Pour la Cnaoc et la Cnaol (produits laitiers d'origine contrôlée), agglomérer l’Aop et l’Igp les rendra encore moins lisibles.. Si les consommateurs achètent des produits Aop, c’est pour leur goût mais aussi pour leur histoire(© JC)
“Si le mécanisme des indications géographiques de l’Union européenne est fondamentalement bien conçu et offre des avantages tant aux consommateurs qu’aux producteurs, la nécessité de le simplifier, de le clarifier et de le rationaliser justifie une réforme législative”. Pour la Commission européenne il est temps de réformer la politique de qualité des produits agricoles et notamment la protection des indications géographiques, afin de la rendre plus efficace. “Toutes les indications géographiques n’ont pas une réputation et un potentiel commercial qui transcendent les frontières nationales”, souligne la Commission.

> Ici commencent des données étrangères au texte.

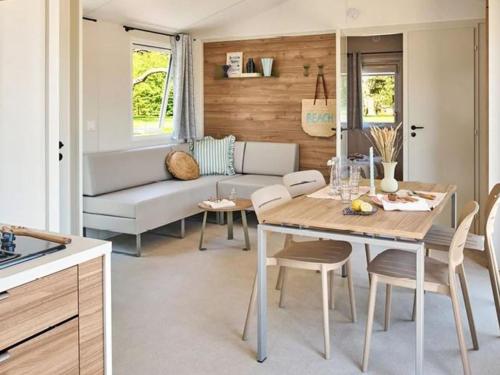 Mobil-Home 6 Pers, Terrasse - API-1-52-1638 – khách sạn tại Ignaux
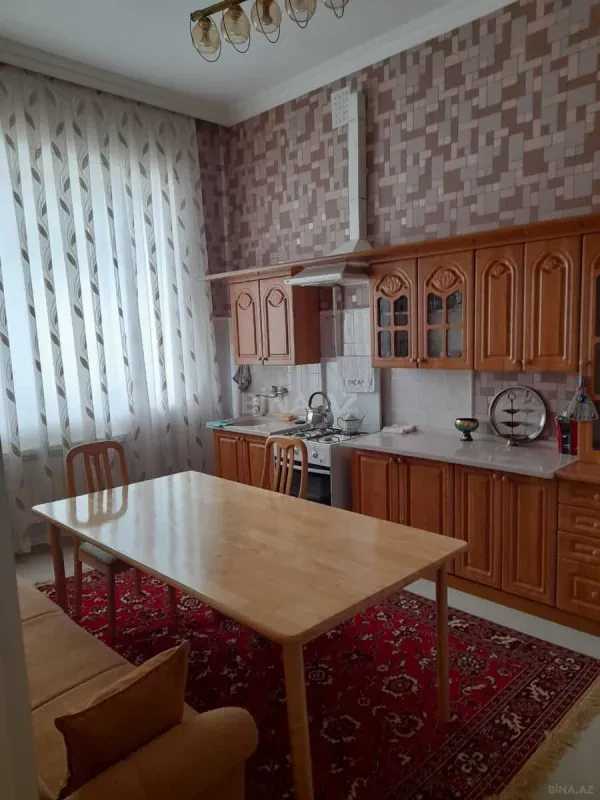 Satılır 5 otaqlı həyət evi 260 m²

Bruxelles propose de fusionner les trois régimes de protection existants (vins, spiritueux, et produits agricoles/denrées alimentaires) en “une structure réglementaire unique, tout en préservant les spécificités de chaque système” et de fusionner aussi l’Aop et l’Igp. Selon la Commission le consommateur ne sait pas distinguer les deux catégories et les différents systèmes ne seraient pas assez clairs à ses yeux.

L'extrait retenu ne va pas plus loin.